I'm not looking to go back and tear apart what I've already done. For better or worse, these systems are working, their few users comfortable or at least competent by now. But it would be nice to have some better guidelines when putting together future designs.
One approach that seems to work fairly well is the use of Markdown as done here on SO. Stupid and/or lazy people (with apologies to all who are) can simply throw text in the box; it comes out looking as messy but it's mostly there and readable. People who care about how their text looks can do some simple things that are for the most part almost intuitive (like leaving blank lines between paragraphs, putting asterisks or numbers before list items) and it Just Works™
This is Good Enough™ for a lot of applications and people. Some of the glitzier sites, such as Google Blogs, give you your choice (changeable at the click of a button) of editing raw HTML or using a WYSIWYG editor (that fails just often enough that I usually opt for raw HTML). In theory, you could even give your users 3 alternatives, such as Markdown, HTML and WYSIWYG; but at some point you'll be wondering why you even bothered. Some users will always struggle with some aspect of the interface and they'll blame you. I believe in finding a happy medium and not bothering to make everybody happy.
From my point of view, the most important considerations are those of security. If you allow raw HTML, your users can insert spam and malware and basically hijack your site for their purposes; so you have to carefully limit what's allowed. Another consideration is that if you allow, e.g. H1 headers, people can take up a lot of space and attention with posts that should really be subordinate. If you allow CSS (including style attributes in HTML tags) then again there are ways to deface your "real" content. Another big problem stems from unclosed or unmatched tags. These are the really serious problems, and you want to err on the side of strictness to avoid more serious problems.
"What factors should I be taking into account when making this decision?" What do your customers want? Can you not have a 'fall back' kind of system where the 'simplified' WYSIWYG can be used until they need the added features of raw markup? What kinds of things do the most users use most often? What features are used less often but, when they are needed, you customers cannot live without?

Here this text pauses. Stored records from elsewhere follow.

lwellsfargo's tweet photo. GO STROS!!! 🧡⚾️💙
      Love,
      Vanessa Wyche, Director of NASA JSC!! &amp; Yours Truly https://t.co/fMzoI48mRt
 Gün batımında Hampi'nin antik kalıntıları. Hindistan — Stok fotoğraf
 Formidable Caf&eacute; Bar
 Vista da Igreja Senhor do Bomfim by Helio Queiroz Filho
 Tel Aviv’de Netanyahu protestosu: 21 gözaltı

"Have simple markup systems become commonplace enough that I can rely on most users having at least some familiarity with them?" For people using wikis and blogs, I think the answer is yes. Even commenters on blogs to some extent for the simplest things but again, I think you should let them do markup in-line if they are able (or some common sub set of markup) and have the option of more power if they need it.
"..Or should I abandon them as merely a relic of the past, and work on finding ways to make WYSIWYG work more effectively...?" I would not take this all on at once. Work from a solid kernel of functionality and work outward to a complete system.